Copy exactly the lines of the records below, and only those lines, beginning with the line that contains "Else chaise de" and ending with the line that contains "Décoration de jardin en".

───── ENTRIES SHOWN ─────

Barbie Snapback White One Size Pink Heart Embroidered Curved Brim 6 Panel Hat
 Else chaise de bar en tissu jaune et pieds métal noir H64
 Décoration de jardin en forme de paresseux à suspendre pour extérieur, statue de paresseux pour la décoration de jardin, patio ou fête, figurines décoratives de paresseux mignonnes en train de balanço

─────
───── ENTRIES SHOWN ─────

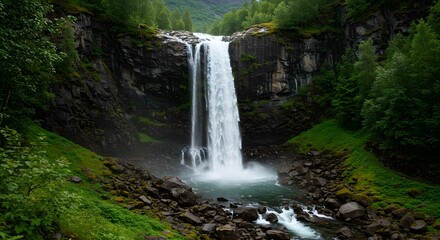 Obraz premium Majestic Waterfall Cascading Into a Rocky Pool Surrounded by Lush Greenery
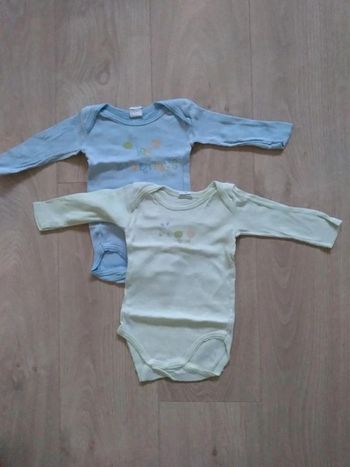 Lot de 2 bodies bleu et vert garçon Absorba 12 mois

─────
───── ENTRIES SHOWN ─────

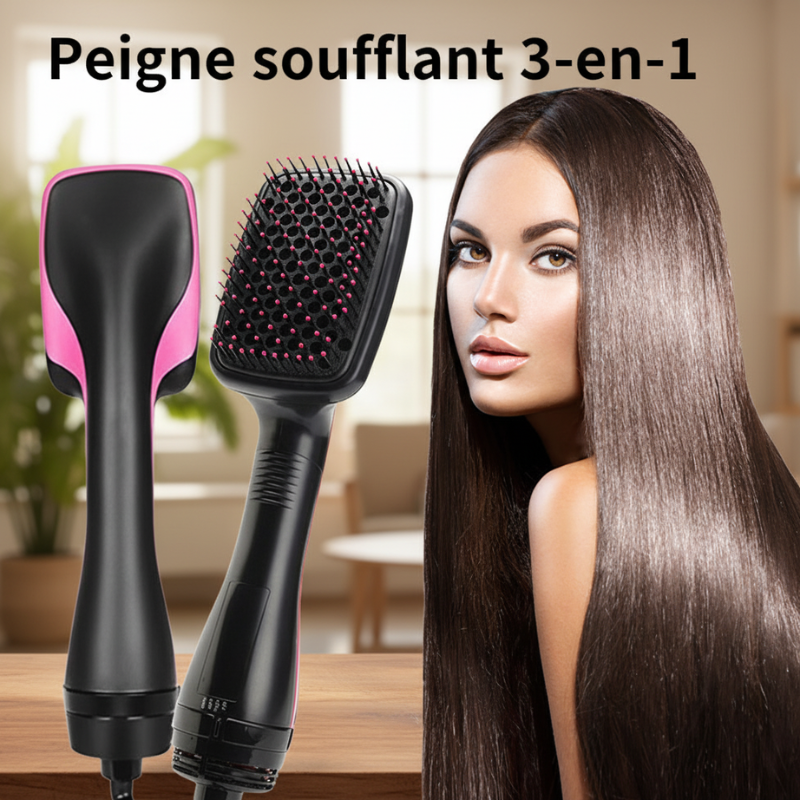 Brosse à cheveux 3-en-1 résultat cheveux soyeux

─────

OUTPUT OF THE TASK -
 Else chaise de bar en tissu jaune et pieds métal noir H64
 Décoration de jardin en forme de paresseux à suspendre pour extérieur, statue de paresseux pour la décoration de jardin, patio ou fête, figurines décoratives de paresseux mignonnes en train de balanço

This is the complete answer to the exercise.